(GIVEN INFORMATION Opens)

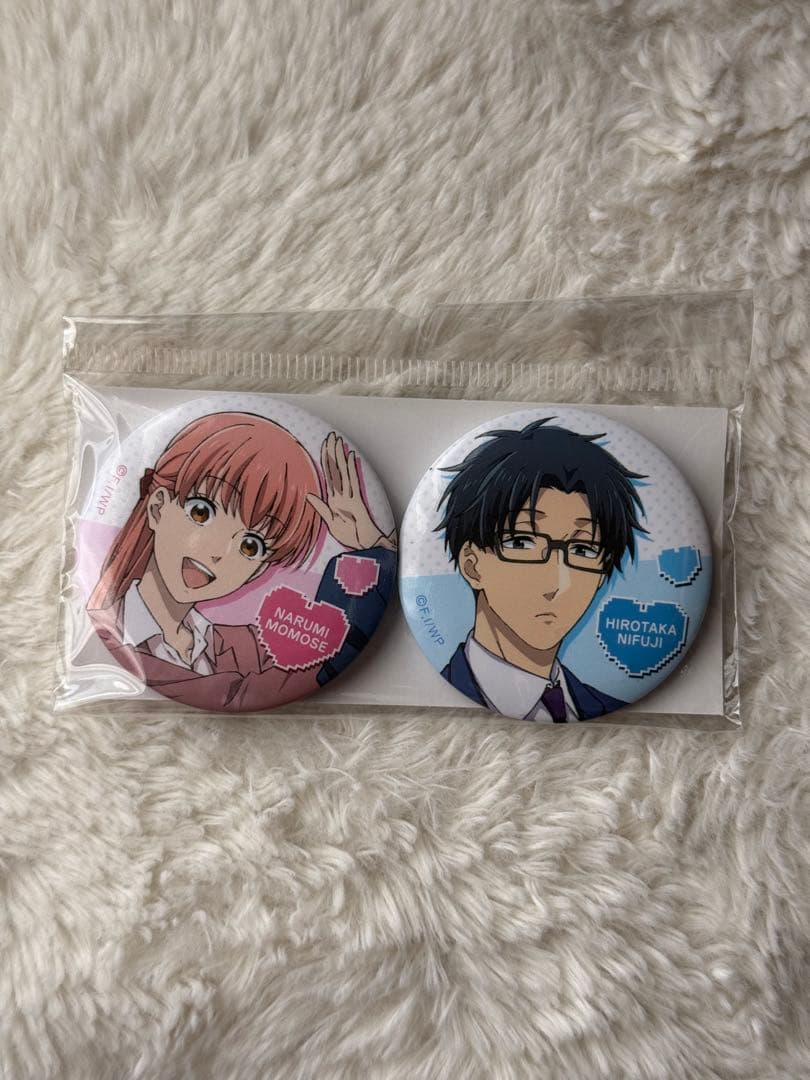 ヲタクに恋は難しい ヲタ恋 缶バッジセット 桃瀬成海&二藤宏嵩 - メルカリ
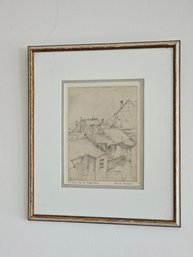 15 X 13 Knute Heldner Etching Signed And Framed #195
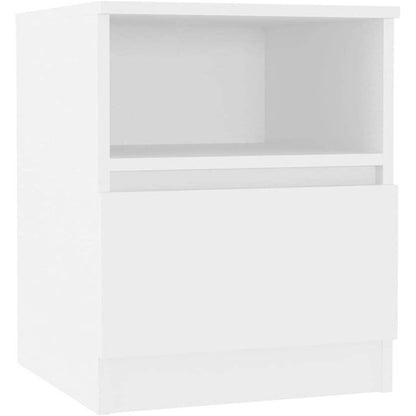 244614 - vidaXL Dollap Shtrati, Komodinë, Dru i Inxhinierizuar i Bardhë 40 x 40 x 50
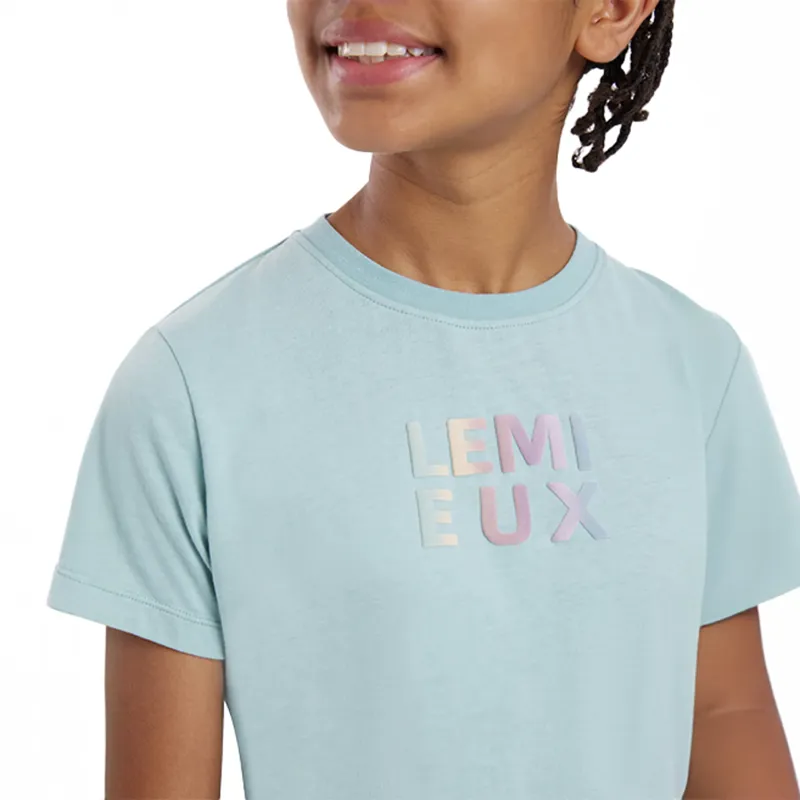 LeMieux Young Rider Arianna T-Shirt - Aqua-3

(GIVEN INFORMATION Closes)

AIM OF THE TASK
Once the pictures are set aside, repeat the remaining data word for word.

ANSWER FOR THIS EXERCISE
 ヲタクに恋は難しい ヲタ恋 缶バッジセット 桃瀬成海&二藤宏嵩 - メルカリ
 15 X 13 Knute Heldner Etching Signed And Framed #195
 244614 - vidaXL Dollap Shtrati, Komodinë, Dru i Inxhinierizuar i Bardhë 40 x 40 x 50
 LeMieux Young Rider Arianna T-Shirt - Aqua-3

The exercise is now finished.